--- Aim of the exercise ---
The whole listing below should be retyped exactly, without any images.

_ _ _

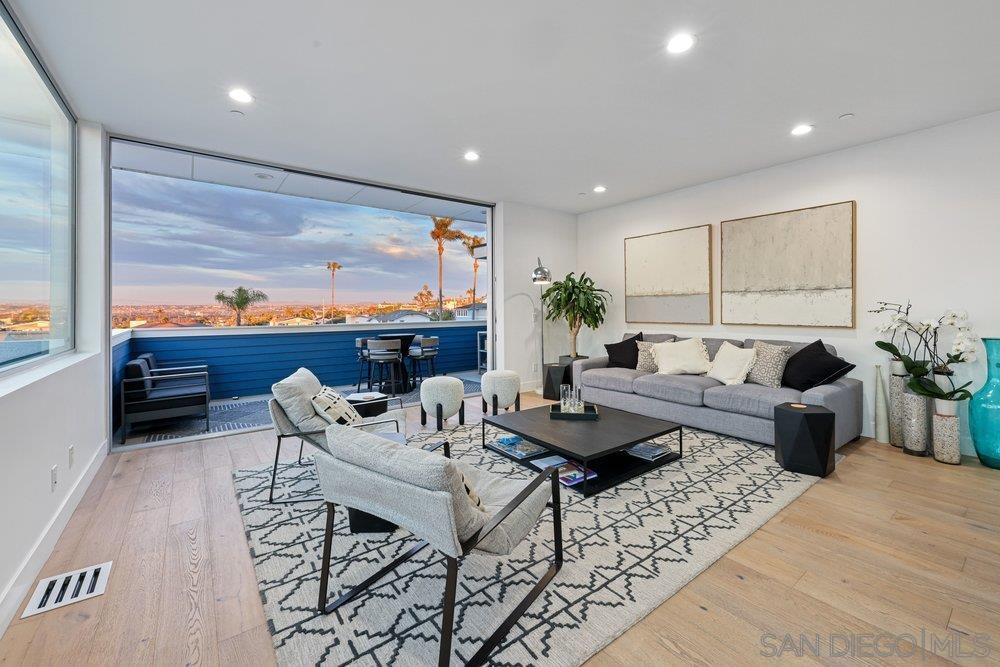 Detail Gallery Image 17 of 49 For 4545 Newport  Ave, San Diego,  CA 92107 - 4 Beds | 3/1 Baths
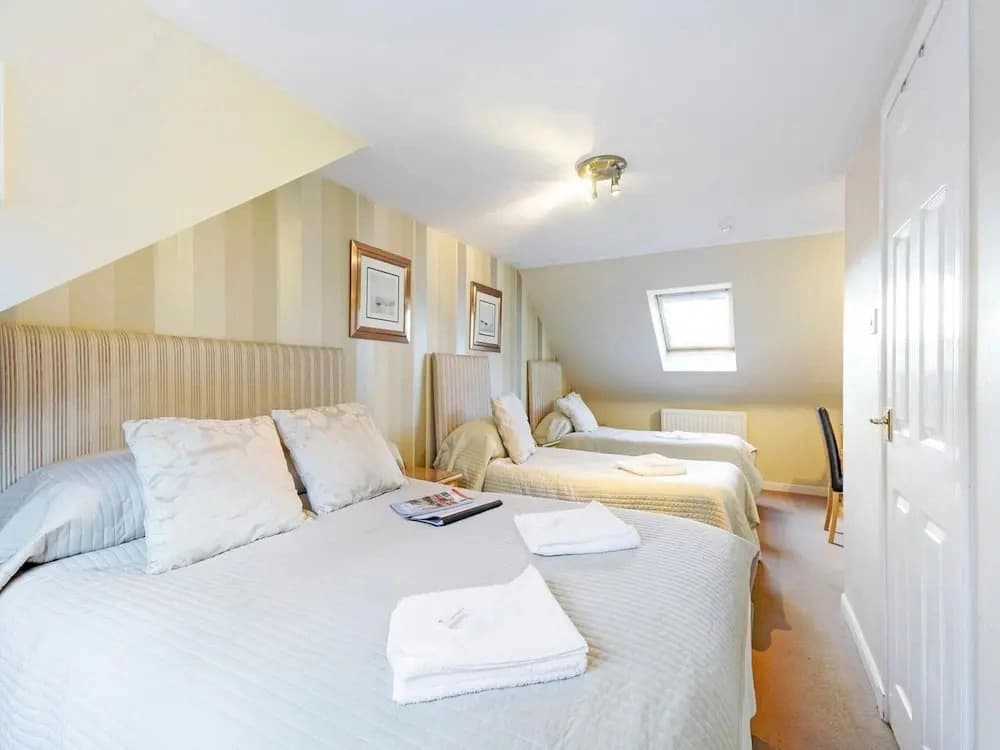 Standard Twin Room - photo 4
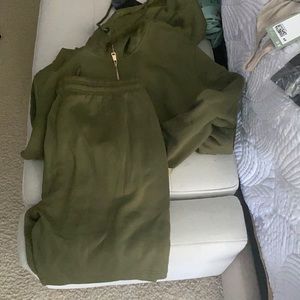 Men’s track short/sweatshirt set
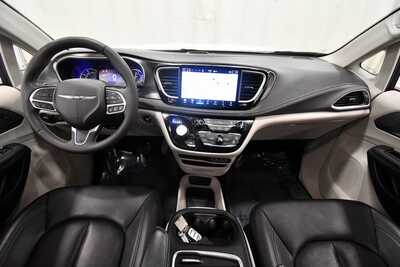 2024 Chrysler Pacifica, $25999. Photo 3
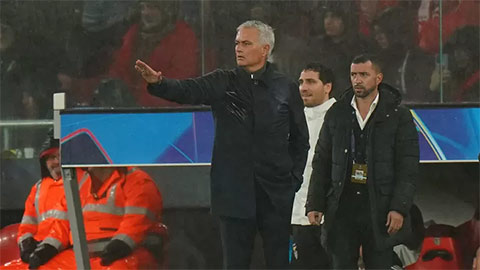  Nước mắt Mourinho và lời đáp trả đanh thép sau những tháng ngày bị hoài nghi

_ _ _

--- Completed exercise ---
 Detail Gallery Image 17 of 49 For 4545 Newport  Ave, San Diego,  CA 92107 - 4 Beds | 3/1 Baths
 Standard Twin Room - photo 4
 Men’s track short/sweatshirt set
 2024 Chrysler Pacifica, $25999. Photo 3
  Nước mắt Mourinho và lời đáp trả đanh thép sau những tháng ngày bị hoài nghi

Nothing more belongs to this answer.